The ‘Ignore robots.txt, but report status’ configuration means the robots.txt of websites is downloaded and reported in the SEO Spider. However, the directives within it are ignored. This allows you to crawl the website, but still see which pages should be blocked from crawling.

Show Internal URLs Blocked By Robots.txt

By default internal URLs blocked by robots.txt will be shown in the ‘Internal’ tab with Status Code of ‘0’ and Status ‘Blocked by Robots.txt’. To hide these URLs in the interface deselect this option. This option is not available if ‘Ignore robots.txt’ is checked.

You can also view internal URLs blocked by robots.txt under the ‘Response Codes’ tab and ‘Blocked by Robots.txt’ filter. This will also show the robots.txt directive (‘matched robots.txt line’ column) of the disallow against each URL that is blocked.

Show External URLs Blocked By Robots.txt

By default external URLs blocked by robots.txt are hidden. To display these in the External tab with Status Code ‘0’ and Status ‘Blocked by Robots.txt’ check this option. This option is not available if ‘Ignore robots.txt’ is checked.

You can also view external URLs blocked by robots.txt under the ‘Response Codes’ tab and ‘Blocked by Robots.txt’ filter.
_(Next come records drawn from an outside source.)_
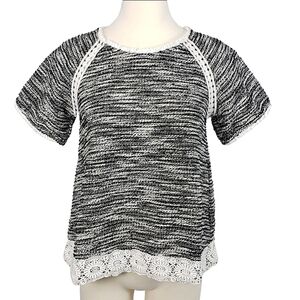 Eri + Ali Anthropologie Womens Lace Trim Popover Top S Black White Tweed Boho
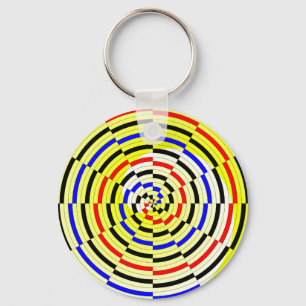 Yellow Spirals by Kenneth Yoncich Keychain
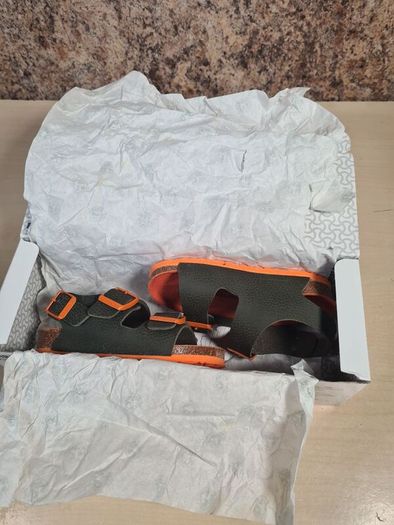 Birkenstock Milano Kids Sandals Desert Soil Green And Orange Size Uk 8.5 Eu 26 Brand New Boxed
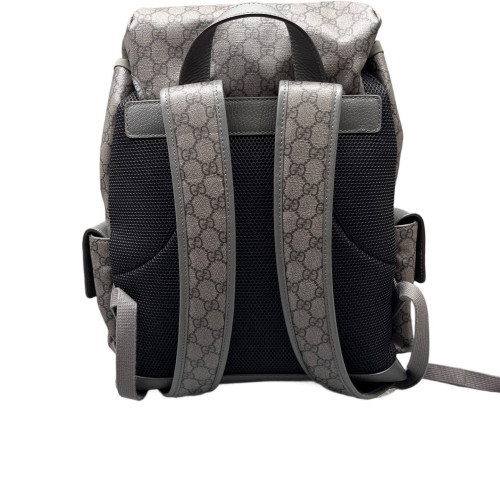Gucci Ophidia Flap Backpack GG Supreme Monogram Grey
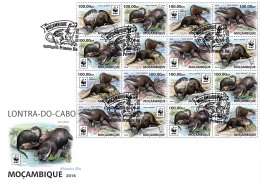 MOZAMBIQUE 2016 FDC WWF African Clawless Otter Kapotter M/S 16 - OFFICIAL ISSUE - A1641 - Oblitérés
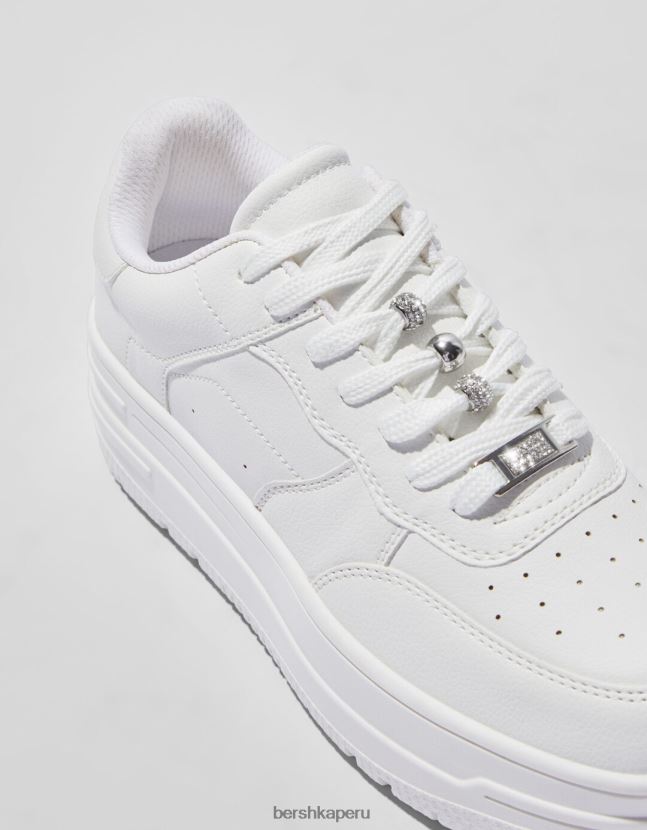 blanco Bershka mujer tenis con plataforma de strass 806J6B2101
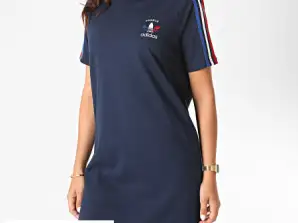 Adidas Damen Kleid Baumwollkleider T-Shirt Navy Genuine New Original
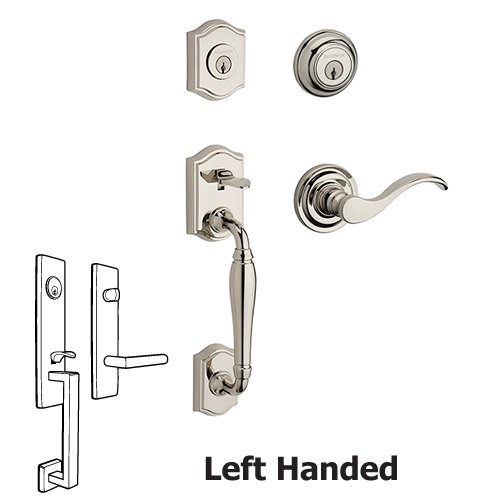 Baldwin Left Handed Double Cylinder Westcliff Handleset with Curve Door Lever with Traditional Round Rose in Polished Nickel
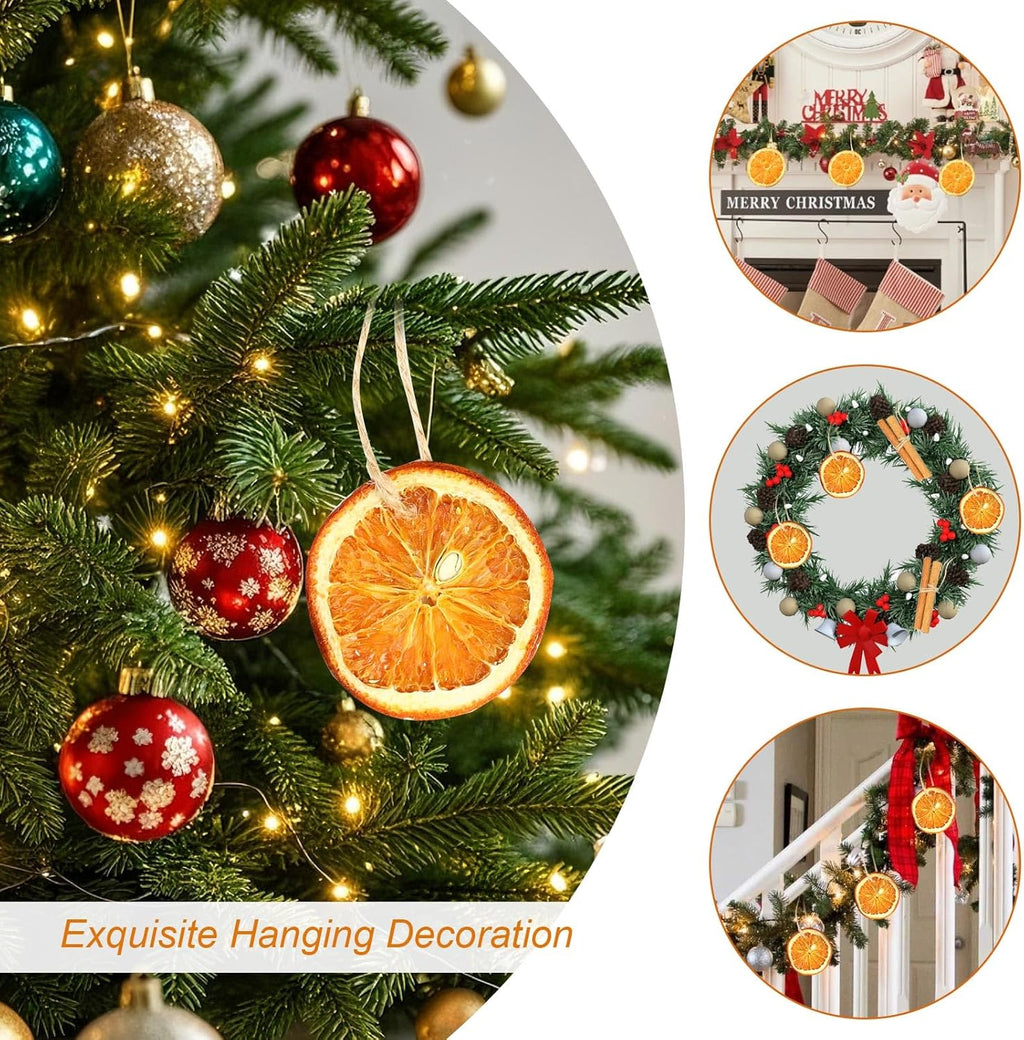 Natural Dried Orange Slices Christmas Ornaments Set by [Brand Name] - 31 Pcs with Cinnamon Sticks & Pinecones for Rustic Holiday Decor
This will also show robots.txt directive (‘matched robots.txt line column’) of the disallow against each URL that is blocked.

Custom Robots

You can download, edit and test a site’s robots.txt using the custom robots.txt feature which will override the live version on the site for the crawl. It will not update the live robots.txt on the site.

This feature allows you to add multiple robots.txt at subdomain level, test directives in the SEO Spider and view URLs which are blocked or allowed. The custom robots.txt uses the selected user-agent in the configuration.

During a crawl you can filter blocked URLs based upon the custom robots.txt (‘Response Codes > Blocked by robots.txt’) and see the matching robots.txt directive line.

Please read our featured user guide using the SEO Spider as a robots.txt tester.

Please note – As mentioned above, the changes you make to the robots.txt within the SEO Spider, do not impact your live robots.txt uploaded to your server. You can however copy and paste these into the live version manually to update your live directives.